Saved data entries:

● ● ● ● ● ● ●

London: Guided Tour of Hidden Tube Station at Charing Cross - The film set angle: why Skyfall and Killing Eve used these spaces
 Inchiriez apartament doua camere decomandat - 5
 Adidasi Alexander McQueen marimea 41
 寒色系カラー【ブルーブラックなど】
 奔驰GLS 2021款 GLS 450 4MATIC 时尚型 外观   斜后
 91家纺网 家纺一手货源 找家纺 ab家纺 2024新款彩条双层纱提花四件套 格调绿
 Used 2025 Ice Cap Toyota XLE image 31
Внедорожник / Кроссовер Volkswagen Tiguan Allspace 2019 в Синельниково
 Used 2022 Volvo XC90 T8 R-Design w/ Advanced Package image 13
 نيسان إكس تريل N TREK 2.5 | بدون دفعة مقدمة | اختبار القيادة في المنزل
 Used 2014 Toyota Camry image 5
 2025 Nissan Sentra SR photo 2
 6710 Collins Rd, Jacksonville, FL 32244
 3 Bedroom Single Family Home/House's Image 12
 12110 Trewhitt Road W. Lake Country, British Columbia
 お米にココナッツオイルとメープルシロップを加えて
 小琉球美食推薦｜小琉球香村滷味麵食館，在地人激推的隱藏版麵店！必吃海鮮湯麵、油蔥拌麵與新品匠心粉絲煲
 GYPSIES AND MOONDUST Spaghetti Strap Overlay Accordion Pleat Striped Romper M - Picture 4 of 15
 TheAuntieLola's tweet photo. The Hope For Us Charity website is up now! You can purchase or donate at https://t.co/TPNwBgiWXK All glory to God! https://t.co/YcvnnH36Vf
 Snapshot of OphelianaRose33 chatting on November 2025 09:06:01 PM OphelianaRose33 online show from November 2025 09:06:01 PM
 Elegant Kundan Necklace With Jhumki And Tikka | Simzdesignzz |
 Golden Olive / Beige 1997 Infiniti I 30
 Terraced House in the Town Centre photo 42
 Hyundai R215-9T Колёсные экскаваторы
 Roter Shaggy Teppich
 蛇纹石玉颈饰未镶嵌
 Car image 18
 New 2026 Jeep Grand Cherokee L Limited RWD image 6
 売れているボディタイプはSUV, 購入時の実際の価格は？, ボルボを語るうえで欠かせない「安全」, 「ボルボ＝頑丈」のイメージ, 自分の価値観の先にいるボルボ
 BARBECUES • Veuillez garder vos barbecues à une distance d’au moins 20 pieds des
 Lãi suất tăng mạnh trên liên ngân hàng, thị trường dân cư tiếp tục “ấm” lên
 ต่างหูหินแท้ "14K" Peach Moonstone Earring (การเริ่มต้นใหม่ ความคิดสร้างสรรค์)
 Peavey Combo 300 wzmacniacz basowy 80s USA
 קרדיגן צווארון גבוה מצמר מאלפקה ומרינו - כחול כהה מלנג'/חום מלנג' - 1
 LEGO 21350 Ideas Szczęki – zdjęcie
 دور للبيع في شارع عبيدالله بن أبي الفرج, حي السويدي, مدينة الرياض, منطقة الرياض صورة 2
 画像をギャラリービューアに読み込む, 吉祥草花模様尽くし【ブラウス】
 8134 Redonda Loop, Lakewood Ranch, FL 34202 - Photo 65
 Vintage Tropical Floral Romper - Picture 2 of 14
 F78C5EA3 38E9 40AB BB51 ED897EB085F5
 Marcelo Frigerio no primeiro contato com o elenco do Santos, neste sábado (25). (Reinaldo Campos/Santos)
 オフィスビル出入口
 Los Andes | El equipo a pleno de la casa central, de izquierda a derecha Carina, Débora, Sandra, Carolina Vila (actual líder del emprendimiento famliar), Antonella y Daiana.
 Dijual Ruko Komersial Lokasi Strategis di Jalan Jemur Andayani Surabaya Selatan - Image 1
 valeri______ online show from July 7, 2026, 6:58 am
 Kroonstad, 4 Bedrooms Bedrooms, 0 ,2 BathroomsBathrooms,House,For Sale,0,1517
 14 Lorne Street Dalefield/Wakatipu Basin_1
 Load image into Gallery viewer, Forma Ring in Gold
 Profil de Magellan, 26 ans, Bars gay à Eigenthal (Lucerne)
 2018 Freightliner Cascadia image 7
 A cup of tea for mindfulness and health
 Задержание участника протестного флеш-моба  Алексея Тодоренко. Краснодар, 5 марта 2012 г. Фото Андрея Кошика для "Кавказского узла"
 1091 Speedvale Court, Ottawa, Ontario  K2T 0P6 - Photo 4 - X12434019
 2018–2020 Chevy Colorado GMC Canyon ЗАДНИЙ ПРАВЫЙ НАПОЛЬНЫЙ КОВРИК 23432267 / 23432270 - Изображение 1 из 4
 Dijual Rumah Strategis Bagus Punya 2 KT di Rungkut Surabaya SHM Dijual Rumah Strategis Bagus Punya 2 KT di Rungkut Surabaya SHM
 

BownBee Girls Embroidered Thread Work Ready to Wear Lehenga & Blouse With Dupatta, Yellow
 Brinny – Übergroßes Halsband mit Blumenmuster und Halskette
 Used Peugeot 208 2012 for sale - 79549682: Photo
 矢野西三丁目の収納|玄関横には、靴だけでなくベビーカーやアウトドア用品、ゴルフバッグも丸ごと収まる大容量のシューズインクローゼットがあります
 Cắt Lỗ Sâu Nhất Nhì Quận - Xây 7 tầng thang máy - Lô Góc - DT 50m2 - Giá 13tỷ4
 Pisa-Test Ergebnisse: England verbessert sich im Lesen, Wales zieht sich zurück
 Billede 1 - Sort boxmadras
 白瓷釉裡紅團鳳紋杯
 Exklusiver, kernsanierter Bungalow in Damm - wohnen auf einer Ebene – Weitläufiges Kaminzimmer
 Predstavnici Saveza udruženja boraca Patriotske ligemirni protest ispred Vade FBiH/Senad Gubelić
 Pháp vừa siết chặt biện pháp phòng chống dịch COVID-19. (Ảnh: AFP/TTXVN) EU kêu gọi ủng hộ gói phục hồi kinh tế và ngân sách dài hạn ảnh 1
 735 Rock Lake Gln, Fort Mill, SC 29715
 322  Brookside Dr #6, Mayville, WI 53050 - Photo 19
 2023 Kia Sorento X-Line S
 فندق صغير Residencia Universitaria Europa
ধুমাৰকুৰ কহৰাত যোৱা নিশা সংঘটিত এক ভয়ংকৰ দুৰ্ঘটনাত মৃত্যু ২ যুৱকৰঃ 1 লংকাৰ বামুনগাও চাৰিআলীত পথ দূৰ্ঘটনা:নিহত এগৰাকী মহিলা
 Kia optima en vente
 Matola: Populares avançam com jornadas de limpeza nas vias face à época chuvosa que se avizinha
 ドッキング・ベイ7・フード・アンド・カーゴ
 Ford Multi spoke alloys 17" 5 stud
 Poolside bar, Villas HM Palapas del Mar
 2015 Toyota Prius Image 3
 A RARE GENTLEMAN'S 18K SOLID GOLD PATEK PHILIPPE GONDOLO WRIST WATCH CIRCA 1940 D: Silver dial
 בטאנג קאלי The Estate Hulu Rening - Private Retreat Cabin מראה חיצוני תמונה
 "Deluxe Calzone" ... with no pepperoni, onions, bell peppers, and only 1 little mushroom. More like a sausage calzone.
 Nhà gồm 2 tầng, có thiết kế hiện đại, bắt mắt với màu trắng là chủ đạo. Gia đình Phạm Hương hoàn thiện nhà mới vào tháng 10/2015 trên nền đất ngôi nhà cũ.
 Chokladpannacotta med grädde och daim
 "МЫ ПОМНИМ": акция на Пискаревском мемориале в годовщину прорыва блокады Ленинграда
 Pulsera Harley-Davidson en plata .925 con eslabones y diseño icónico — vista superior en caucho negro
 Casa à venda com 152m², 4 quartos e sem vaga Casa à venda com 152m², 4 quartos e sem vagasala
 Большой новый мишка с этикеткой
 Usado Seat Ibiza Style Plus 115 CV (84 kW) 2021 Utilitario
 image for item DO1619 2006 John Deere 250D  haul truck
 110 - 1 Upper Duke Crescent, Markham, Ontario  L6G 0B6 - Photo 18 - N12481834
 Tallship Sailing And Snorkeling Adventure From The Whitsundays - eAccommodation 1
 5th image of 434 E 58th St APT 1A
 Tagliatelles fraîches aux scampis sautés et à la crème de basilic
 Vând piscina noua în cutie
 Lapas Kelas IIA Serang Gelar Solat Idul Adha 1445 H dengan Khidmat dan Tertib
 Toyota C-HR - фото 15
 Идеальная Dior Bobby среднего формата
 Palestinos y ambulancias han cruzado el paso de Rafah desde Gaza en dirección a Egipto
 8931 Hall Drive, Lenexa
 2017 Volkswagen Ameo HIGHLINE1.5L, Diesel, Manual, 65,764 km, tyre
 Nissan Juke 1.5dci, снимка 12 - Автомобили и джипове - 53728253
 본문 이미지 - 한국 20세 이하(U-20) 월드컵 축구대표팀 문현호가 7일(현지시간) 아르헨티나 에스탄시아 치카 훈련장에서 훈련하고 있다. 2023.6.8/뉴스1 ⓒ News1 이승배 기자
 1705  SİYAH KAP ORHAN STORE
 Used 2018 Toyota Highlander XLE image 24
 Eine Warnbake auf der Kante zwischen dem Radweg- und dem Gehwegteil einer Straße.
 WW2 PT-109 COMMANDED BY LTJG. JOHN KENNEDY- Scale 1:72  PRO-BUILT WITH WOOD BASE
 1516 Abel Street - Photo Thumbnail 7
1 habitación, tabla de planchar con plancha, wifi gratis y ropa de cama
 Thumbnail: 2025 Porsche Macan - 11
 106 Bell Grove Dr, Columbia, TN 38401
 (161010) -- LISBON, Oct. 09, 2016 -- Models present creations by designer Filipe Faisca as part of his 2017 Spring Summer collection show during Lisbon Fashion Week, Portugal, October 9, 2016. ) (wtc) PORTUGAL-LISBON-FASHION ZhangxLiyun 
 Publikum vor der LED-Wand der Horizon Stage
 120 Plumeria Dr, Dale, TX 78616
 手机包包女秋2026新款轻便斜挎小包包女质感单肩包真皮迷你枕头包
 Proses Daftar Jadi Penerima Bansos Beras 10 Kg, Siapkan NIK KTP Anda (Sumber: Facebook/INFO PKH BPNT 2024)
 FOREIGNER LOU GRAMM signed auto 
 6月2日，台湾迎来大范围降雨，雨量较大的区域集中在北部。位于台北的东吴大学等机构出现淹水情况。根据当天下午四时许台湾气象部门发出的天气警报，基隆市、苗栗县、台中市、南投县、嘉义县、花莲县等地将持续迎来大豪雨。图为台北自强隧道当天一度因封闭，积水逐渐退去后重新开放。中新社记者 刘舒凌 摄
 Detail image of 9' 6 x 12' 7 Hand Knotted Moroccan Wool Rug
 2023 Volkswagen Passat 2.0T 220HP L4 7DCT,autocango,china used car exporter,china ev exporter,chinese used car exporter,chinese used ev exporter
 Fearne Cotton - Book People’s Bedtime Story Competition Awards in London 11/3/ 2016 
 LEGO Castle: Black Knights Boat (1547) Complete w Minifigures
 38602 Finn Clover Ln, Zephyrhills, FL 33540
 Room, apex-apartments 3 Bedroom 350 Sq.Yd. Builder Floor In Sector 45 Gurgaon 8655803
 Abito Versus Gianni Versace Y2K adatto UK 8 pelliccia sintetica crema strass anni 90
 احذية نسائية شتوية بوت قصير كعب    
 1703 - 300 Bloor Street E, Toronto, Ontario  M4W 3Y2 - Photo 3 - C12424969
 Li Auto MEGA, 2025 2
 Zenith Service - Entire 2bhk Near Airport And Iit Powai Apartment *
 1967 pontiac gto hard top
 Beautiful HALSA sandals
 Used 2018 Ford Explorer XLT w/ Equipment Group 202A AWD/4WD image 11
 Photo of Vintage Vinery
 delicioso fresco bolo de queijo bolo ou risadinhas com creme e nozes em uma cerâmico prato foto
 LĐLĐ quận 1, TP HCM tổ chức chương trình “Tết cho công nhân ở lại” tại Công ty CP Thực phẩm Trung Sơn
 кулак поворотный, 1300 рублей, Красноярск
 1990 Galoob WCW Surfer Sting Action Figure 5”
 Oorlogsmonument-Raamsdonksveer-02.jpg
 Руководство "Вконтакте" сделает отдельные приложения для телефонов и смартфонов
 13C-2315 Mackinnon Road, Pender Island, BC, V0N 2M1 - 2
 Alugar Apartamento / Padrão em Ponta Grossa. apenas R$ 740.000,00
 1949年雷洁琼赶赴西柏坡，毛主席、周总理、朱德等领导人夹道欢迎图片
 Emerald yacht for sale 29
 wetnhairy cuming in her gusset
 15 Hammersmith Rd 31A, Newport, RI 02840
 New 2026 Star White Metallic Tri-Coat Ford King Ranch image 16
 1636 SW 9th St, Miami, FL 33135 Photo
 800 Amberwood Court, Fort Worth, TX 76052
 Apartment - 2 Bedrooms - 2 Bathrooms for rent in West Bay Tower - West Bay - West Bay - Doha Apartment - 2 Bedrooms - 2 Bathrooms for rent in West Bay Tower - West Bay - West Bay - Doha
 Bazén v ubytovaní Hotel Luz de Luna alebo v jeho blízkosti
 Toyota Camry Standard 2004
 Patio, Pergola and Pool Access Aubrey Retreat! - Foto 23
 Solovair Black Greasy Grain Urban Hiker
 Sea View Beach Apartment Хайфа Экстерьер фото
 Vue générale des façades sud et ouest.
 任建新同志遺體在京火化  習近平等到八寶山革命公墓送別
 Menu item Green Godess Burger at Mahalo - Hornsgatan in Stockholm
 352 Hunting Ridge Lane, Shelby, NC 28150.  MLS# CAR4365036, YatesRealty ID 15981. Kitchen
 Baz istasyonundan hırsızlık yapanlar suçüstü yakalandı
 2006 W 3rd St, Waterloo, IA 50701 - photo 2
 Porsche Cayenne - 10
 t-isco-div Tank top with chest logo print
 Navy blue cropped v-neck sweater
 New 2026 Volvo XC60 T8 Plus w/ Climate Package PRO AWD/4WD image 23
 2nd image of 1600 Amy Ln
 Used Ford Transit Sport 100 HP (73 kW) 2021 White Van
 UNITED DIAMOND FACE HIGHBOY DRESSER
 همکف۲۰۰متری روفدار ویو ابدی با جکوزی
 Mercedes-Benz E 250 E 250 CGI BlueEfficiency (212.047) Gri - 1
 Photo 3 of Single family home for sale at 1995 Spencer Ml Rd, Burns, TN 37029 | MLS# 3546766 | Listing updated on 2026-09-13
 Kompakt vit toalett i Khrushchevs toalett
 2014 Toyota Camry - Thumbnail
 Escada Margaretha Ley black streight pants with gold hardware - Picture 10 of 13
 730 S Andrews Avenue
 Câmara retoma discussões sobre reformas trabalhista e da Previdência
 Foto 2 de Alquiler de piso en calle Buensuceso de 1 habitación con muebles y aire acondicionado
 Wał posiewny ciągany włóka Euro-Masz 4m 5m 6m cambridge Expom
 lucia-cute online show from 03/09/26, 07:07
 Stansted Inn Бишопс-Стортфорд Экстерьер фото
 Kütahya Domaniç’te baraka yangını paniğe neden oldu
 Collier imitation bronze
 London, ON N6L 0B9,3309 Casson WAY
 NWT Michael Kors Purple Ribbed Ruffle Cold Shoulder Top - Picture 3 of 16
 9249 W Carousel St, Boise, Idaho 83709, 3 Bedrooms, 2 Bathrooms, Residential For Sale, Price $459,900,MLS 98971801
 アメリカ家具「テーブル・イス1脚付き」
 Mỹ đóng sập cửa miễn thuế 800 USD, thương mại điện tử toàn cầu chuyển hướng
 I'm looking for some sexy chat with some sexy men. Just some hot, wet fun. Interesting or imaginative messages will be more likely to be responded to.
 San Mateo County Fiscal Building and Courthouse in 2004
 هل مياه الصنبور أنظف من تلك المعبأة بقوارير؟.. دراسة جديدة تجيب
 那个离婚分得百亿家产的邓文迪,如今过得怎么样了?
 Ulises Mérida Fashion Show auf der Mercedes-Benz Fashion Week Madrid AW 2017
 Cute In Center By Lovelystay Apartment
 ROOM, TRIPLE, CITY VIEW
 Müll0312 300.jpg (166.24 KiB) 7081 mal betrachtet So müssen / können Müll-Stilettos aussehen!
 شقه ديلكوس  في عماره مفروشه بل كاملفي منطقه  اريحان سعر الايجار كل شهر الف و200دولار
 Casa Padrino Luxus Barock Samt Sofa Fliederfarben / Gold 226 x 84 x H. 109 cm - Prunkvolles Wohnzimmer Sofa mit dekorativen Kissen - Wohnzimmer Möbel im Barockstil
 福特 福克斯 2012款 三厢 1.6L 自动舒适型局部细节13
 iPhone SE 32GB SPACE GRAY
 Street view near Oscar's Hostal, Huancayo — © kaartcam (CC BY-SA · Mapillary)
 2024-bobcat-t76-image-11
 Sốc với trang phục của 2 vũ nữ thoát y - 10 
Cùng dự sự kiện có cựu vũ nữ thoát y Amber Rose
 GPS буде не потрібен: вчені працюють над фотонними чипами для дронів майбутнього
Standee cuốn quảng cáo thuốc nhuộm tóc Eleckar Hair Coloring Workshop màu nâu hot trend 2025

● ● ● ● ● ● ●

■ DIRECTIONS:
Above are the entries. Output exactly the lines beginning with the line that has "Foto 2 de Alquiler" and ending with the line that has "Cute In Center By Lovelystay Apartment".

■ TASK OUTPUT:
 Foto 2 de Alquiler de piso en calle Buensuceso de 1 habitación con muebles y aire acondicionado
 Wał posiewny ciągany włóka Euro-Masz 4m 5m 6m cambridge Expom
 lucia-cute online show from 03/09/26, 07:07
 Stansted Inn Бишопс-Стортфорд Экстерьер фото
 Kütahya Domaniç’te baraka yangını paniğe neden oldu
 Collier imitation bronze
 London, ON N6L 0B9,3309 Casson WAY
 NWT Michael Kors Purple Ribbed Ruffle Cold Shoulder Top - Picture 3 of 16
 9249 W Carousel St, Boise, Idaho 83709, 3 Bedrooms, 2 Bathrooms, Residential For Sale, Price $459,900,MLS 98971801
 アメリカ家具「テーブル・イス1脚付き」
 Mỹ đóng sập cửa miễn thuế 800 USD, thương mại điện tử toàn cầu chuyển hướng
 I'm looking for some sexy chat with some sexy men. Just some hot, wet fun. Interesting or imaginative messages will be more likely to be responded to.
 San Mateo County Fiscal Building and Courthouse in 2004
 هل مياه الصنبور أنظف من تلك المعبأة بقوارير؟.. دراسة جديدة تجيب
 那个离婚分得百亿家产的邓文迪,如今过得怎么样了?
 Ulises Mérida Fashion Show auf der Mercedes-Benz Fashion Week Madrid AW 2017
 Cute In Center By Lovelystay Apartment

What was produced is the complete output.